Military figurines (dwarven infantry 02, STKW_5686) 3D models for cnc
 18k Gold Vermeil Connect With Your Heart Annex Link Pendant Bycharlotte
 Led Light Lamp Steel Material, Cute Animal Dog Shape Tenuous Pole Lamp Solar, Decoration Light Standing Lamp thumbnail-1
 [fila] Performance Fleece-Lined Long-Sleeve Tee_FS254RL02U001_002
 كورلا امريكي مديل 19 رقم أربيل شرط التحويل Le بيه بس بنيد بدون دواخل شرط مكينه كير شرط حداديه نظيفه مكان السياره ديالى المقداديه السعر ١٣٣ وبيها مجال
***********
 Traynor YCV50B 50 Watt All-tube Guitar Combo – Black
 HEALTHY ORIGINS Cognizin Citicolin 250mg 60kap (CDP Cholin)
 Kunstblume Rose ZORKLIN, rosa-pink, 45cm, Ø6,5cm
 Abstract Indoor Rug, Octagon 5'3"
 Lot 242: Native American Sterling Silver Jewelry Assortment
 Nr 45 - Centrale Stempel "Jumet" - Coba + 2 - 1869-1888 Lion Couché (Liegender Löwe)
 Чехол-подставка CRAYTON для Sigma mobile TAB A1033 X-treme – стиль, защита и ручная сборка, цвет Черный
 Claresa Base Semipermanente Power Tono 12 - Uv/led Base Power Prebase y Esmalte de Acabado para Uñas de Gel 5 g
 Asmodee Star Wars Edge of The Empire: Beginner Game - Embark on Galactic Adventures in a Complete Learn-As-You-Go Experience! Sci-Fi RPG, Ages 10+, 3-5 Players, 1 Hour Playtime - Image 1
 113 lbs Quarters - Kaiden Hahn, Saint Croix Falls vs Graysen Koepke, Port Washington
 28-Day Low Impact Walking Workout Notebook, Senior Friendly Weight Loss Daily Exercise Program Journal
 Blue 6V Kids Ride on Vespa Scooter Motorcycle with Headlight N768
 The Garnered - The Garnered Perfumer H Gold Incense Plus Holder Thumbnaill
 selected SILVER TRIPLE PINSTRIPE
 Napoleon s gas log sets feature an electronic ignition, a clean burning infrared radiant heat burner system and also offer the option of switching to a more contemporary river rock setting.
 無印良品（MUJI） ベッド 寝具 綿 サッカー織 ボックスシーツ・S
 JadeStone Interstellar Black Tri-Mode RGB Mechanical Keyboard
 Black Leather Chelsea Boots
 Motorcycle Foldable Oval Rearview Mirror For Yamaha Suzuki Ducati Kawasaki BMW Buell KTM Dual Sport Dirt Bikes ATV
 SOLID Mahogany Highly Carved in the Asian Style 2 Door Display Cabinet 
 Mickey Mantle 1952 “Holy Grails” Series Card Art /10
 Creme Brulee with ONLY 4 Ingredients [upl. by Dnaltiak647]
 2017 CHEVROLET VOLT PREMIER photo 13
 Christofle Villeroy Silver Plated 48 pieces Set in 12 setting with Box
--- --- ---
• **DESCRIPTION OF THE TASK**
The reply should contain all of the entries exactly as shown above.

• **RESPONSE**
Military figurines (dwarven infantry 02, STKW_5686) 3D models for cnc
 18k Gold Vermeil Connect With Your Heart Annex Link Pendant Bycharlotte
 Led Light Lamp Steel Material, Cute Animal Dog Shape Tenuous Pole Lamp Solar, Decoration Light Standing Lamp thumbnail-1
 [fila] Performance Fleece-Lined Long-Sleeve Tee_FS254RL02U001_002
 كورلا امريكي مديل 19 رقم أربيل شرط التحويل Le بيه بس بنيد بدون دواخل شرط مكينه كير شرط حداديه نظيفه مكان السياره ديالى المقداديه السعر ١٣٣ وبيها مجال
***********
 Traynor YCV50B 50 Watt All-tube Guitar Combo – Black
 HEALTHY ORIGINS Cognizin Citicolin 250mg 60kap (CDP Cholin)
 Kunstblume Rose ZORKLIN, rosa-pink, 45cm, Ø6,5cm
 Abstract Indoor Rug, Octagon 5'3"
 Lot 242: Native American Sterling Silver Jewelry Assortment
 Nr 45 - Centrale Stempel "Jumet" - Coba + 2 - 1869-1888 Lion Couché (Liegender Löwe)
 Чехол-подставка CRAYTON для Sigma mobile TAB A1033 X-treme – стиль, защита и ручная сборка, цвет Черный
 Claresa Base Semipermanente Power Tono 12 - Uv/led Base Power Prebase y Esmalte de Acabado para Uñas de Gel 5 g
 Asmodee Star Wars Edge of The Empire: Beginner Game - Embark on Galactic Adventures in a Complete Learn-As-You-Go Experience! Sci-Fi RPG, Ages 10+, 3-5 Players, 1 Hour Playtime - Image 1
 113 lbs Quarters - Kaiden Hahn, Saint Croix Falls vs Graysen Koepke, Port Washington
 28-Day Low Impact Walking Workout Notebook, Senior Friendly Weight Loss Daily Exercise Program Journal
 Blue 6V Kids Ride on Vespa Scooter Motorcycle with Headlight N768
 The Garnered - The Garnered Perfumer H Gold Incense Plus Holder Thumbnaill
 selected SILVER TRIPLE PINSTRIPE
 Napoleon s gas log sets feature an electronic ignition, a clean burning infrared radiant heat burner system and also offer the option of switching to a more contemporary river rock setting.
 無印良品（MUJI） ベッド 寝具 綿 サッカー織 ボックスシーツ・S
 JadeStone Interstellar Black Tri-Mode RGB Mechanical Keyboard
 Black Leather Chelsea Boots
 Motorcycle Foldable Oval Rearview Mirror For Yamaha Suzuki Ducati Kawasaki BMW Buell KTM Dual Sport Dirt Bikes ATV
 SOLID Mahogany Highly Carved in the Asian Style 2 Door Display Cabinet 
 Mickey Mantle 1952 “Holy Grails” Series Card Art /10
 Creme Brulee with ONLY 4 Ingredients [upl. by Dnaltiak647]
 2017 CHEVROLET VOLT PREMIER photo 13
 Christofle Villeroy Silver Plated 48 pieces Set in 12 setting with Box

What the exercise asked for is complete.